I've been fortunate in my career to have worked in places where, as they say, history was made (though, I hasten to add, I had no role in that history).

I started as a tech writer in August of 82 at Digital Research in Pacific Grove. My first high tech workplace was a beautiful Victorian on Lighthouse Avenue, about two blocks west of the P.G. post office. (I walked two city blocks to work.) The other DRI "office" was another Victorian, a block or two further west, on the other side of Lighthouse. The latter house was actually the birthplace of DRI.

For those not schooled in the history of computer science, Digital Research was founded by Gary Kildall, who developed the first operating system for microcomputers. DRI made CP/M (Control Program/Microprocessor) and, later, MP/M and Concurrent CP/M-86. I'll write more on DRI another day.

After DRI, I spent three years (85-88) at Xerox, at Geng Road, in Palo Alto, and, later, Sunnyvale. Xerox PARC, up on Hillview in Palo Alto, was the glamour location in those days, but we got up there enough to feel like some of the PARC brilliance rubbed off on us. By 1985, Xerox's glory days were over. Nonetheless a handful of the significant contributors were still around and, even more fun, the amazing, ground-breaking machines and software were everywhere. In this entry, I won't attempt to do justice to the seminal creations in user interface, networking, debugging environments, languages... For a computer science geek, or for anyone who has an interest in history and culture, you got the feeling like, "Wow. This is where it all begins..."

In Feb. 88, I started at Sun. NFS had been invented here and was being refined. I believe the X window system had been developed here, as well as the Yellow Pages (later, NIS) directory service (which, I believe, owed a debt to Xerox's Clearinghouse service). We had a Kerberos-like security mechanism, whose name escapes me. The word was that the industry settled on MIT's Kerberos rather than Sun's security architecture for reasons other than technical merit. But, again, the facts of the case are fuzzy.

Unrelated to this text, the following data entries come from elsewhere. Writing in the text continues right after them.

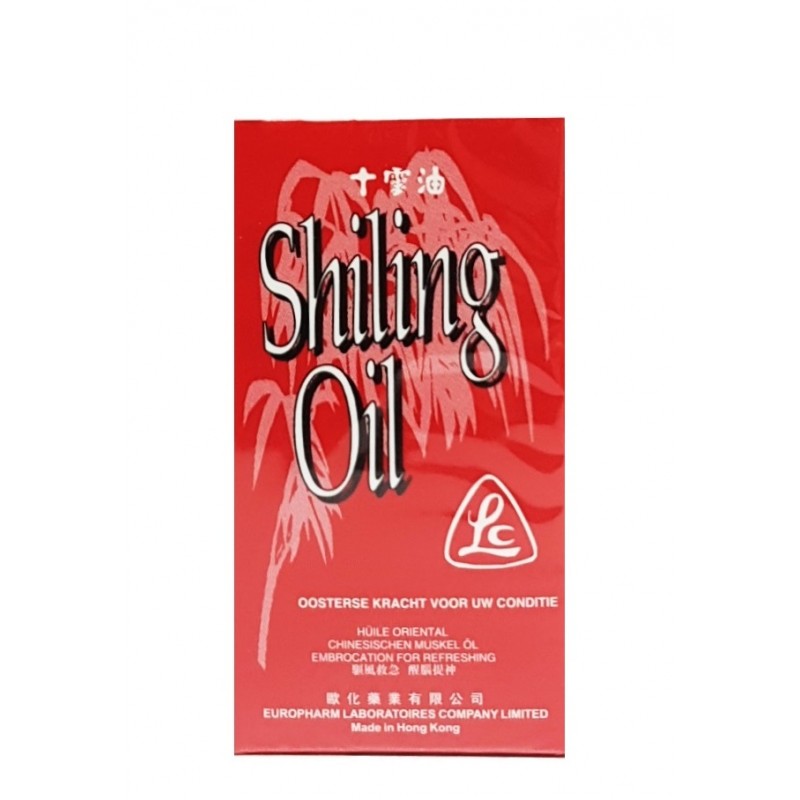 Shiling Oil No. 4 | Pocket Size | 4.5ml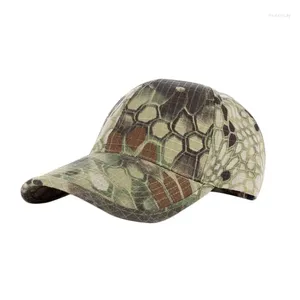 Ballkappen Sniper Jungle Army Camo Bionic Outdoor Jagd Snapback Camouflage Mode Sonnenhüte Männliche Baseballkappe Taktische Männer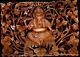 Ganesha Remover Of Obstacles Wall Art Panel Sculpture Hand Carved Wood Bali Art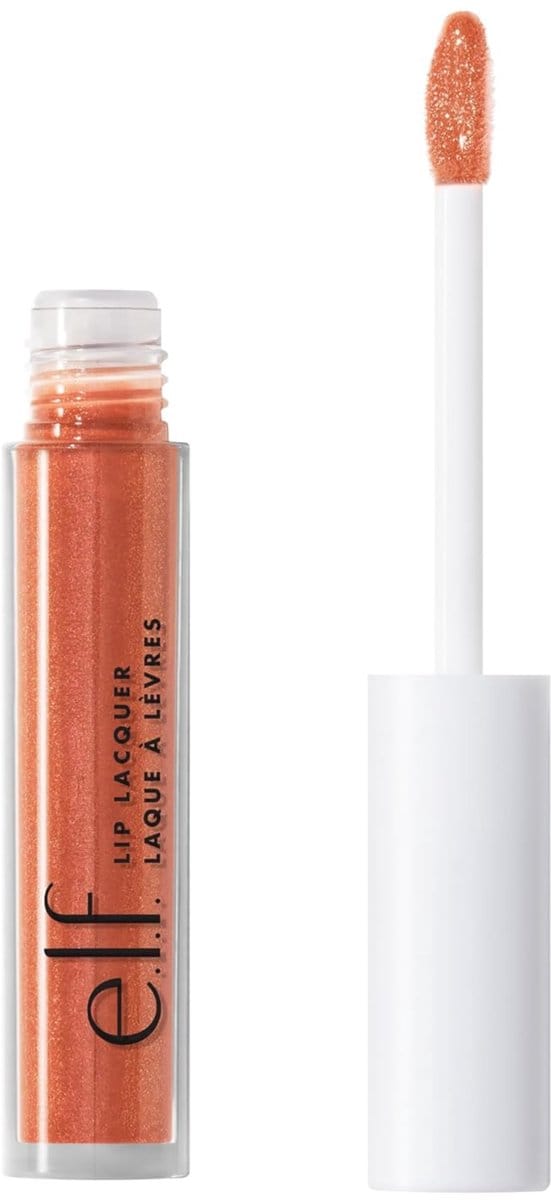 e.l.f. Lip Lacquer - Mauve Glitz - Niet-Plakkerige Formule - 2,5 ml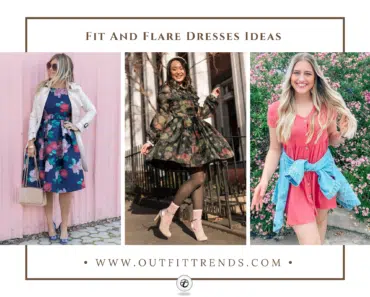 How To Style Fit And Flare Dresses 20 Outfit Ideas To Try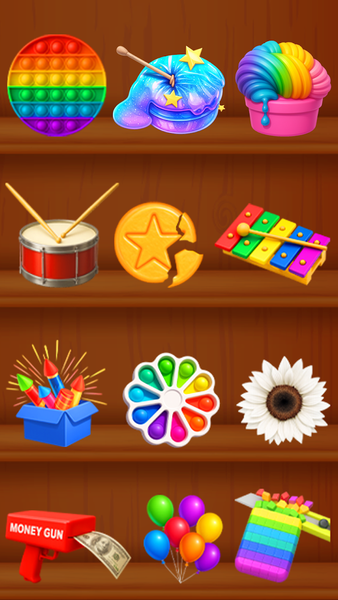 Mini Relaxing Game: Antistress - Gameplay image of android game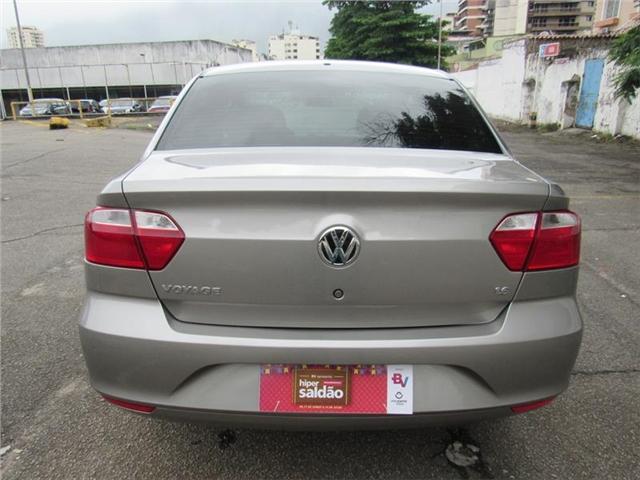 Volkswagen Voyage 1.6 mi 8v flex 4p manual - Foto 4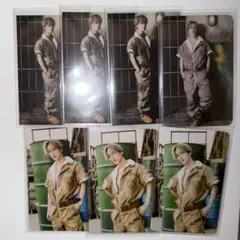 藤原樹トレカセット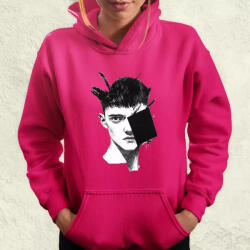 Magnolion Szürreális portré v2 női pulóver (27003-PN)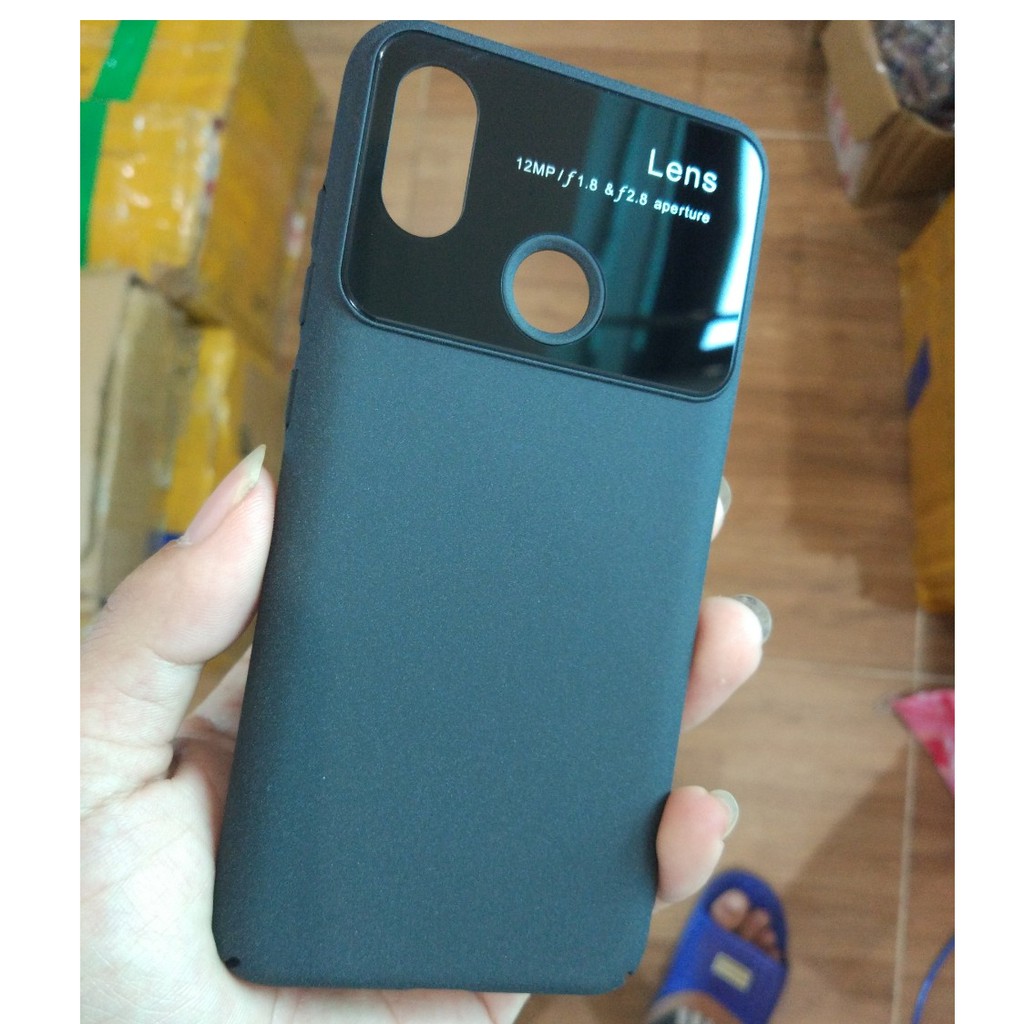 ỐP lưng thời trang cấp cấp Lens cho xiaomi mi 8 / mi 8se ( tặng cường lực camera )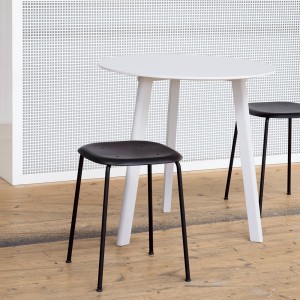 Taburete Soft Edge 75 de Hay para cafés y restaurantes.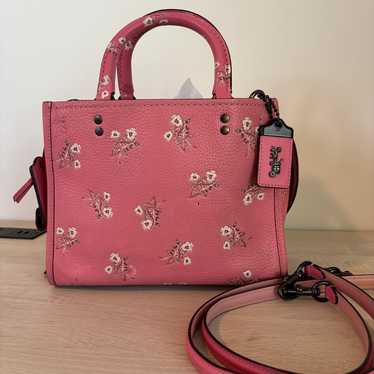 Coach Rogue 25 with Floral Bow Print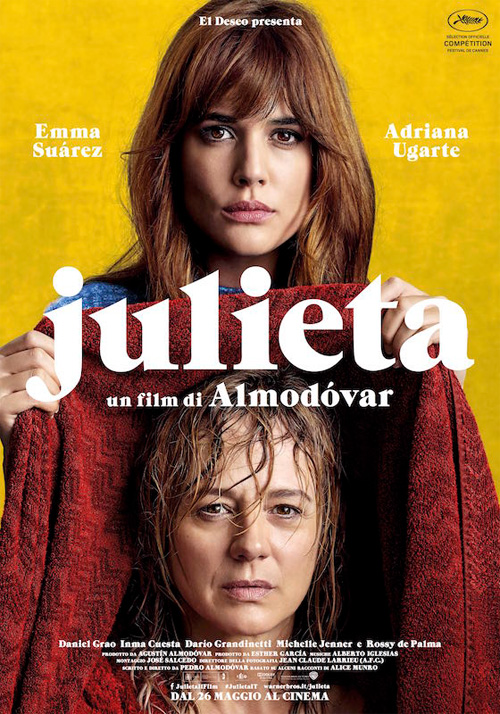 Julieta locandina/poster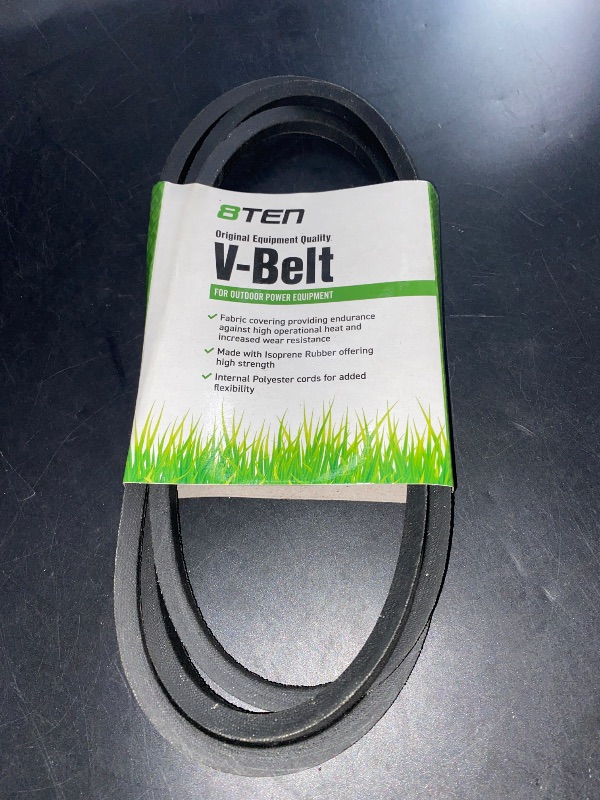 Photo 2 of 8TEN Deck Belt for AYP Husqvarna 140067 532140067 LT/LTH 125 YTH 180 LTH140 42 inch Mower
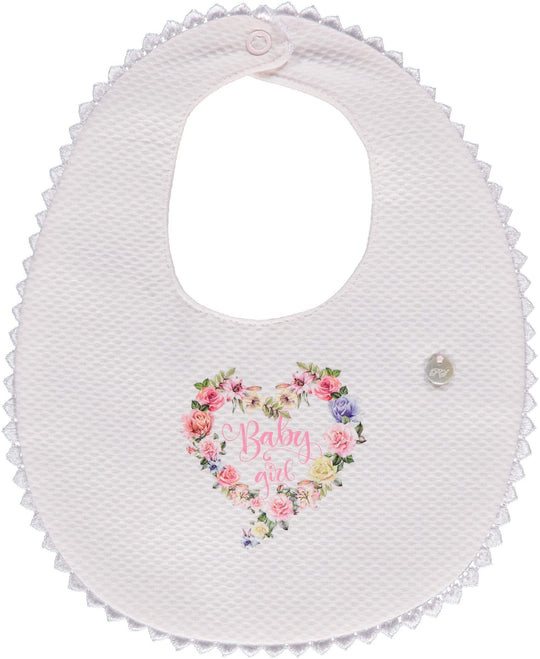 Baby Girls Bib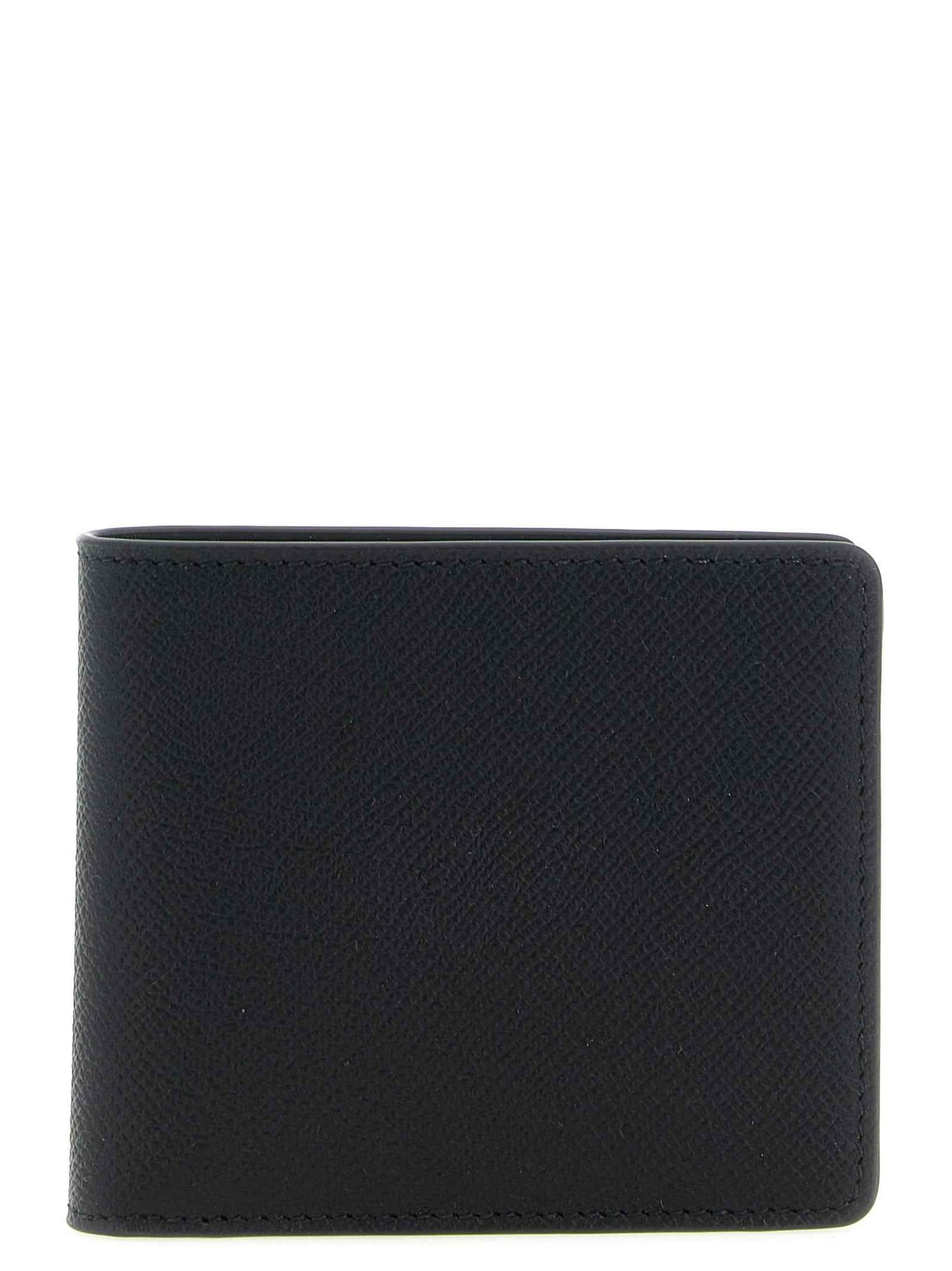 Black Calfskin Wallet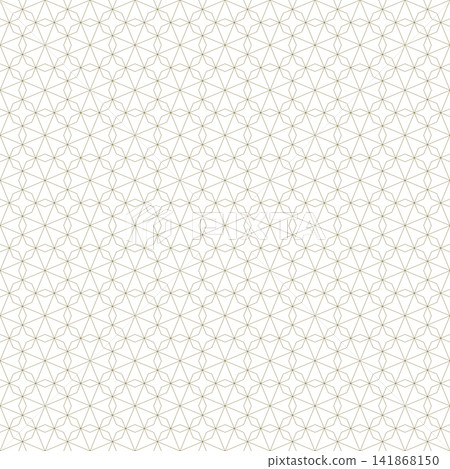 Seamless pattern in arabic geometric style in lines Seamless pattern in arabic geometric style in lines 141868150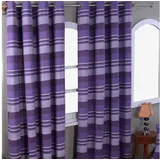 Homescapes ÖSENVORHANG Morocco blickdicht 2er-Set, 167/182 cm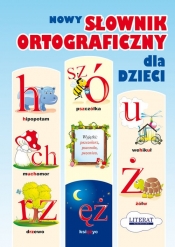Nowy słownik ortograficzny dla dzieci - Korczyńska Małgorzata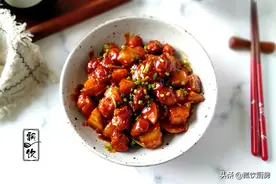 孩子爱吃肉，多给孩子这样做，肉嫩有滋味，酸酸甜甜，对孩子胃口图片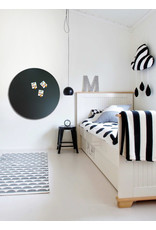 NEW ROUND GOLD MAGNETIC BOARD Rusty-Brown - Copy - Copy - Copy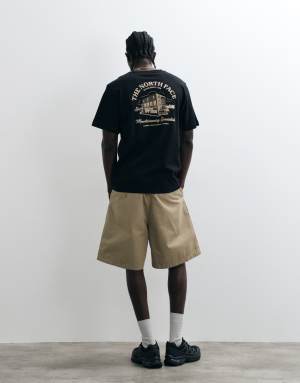 The North Face OG Store graphic t-shirt in black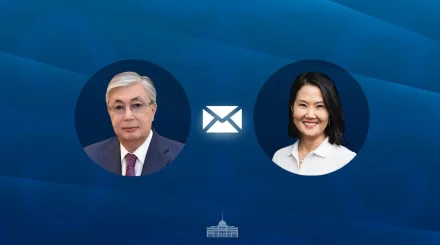 Токаев поздравил нового президента Перу со вступлением в должность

I worked in the OSI group. At the time, Sun boxes were often used as TCP/IP routers. (Then [I believe it's still the case] if you added a network interface to a Sun machine, the default was that it behaved as a router.) Cisco started up around this time. Sun had a decision to make as to whether to further develop the OS as a routing platform or concede that ground to Cisco. My recollection--and it would be illuminating to get the authentic word on this--is that we (Sun) said, in effect, let Cisco take care of the routing. If true, one might be tempted to say what an egregious blunder we made. I tend to be more philosophical--the people responsible made the best decision they were capable of with the info they had at the time. These were the early days of that segment of the industry and it was really hard to predict how networking would evolve.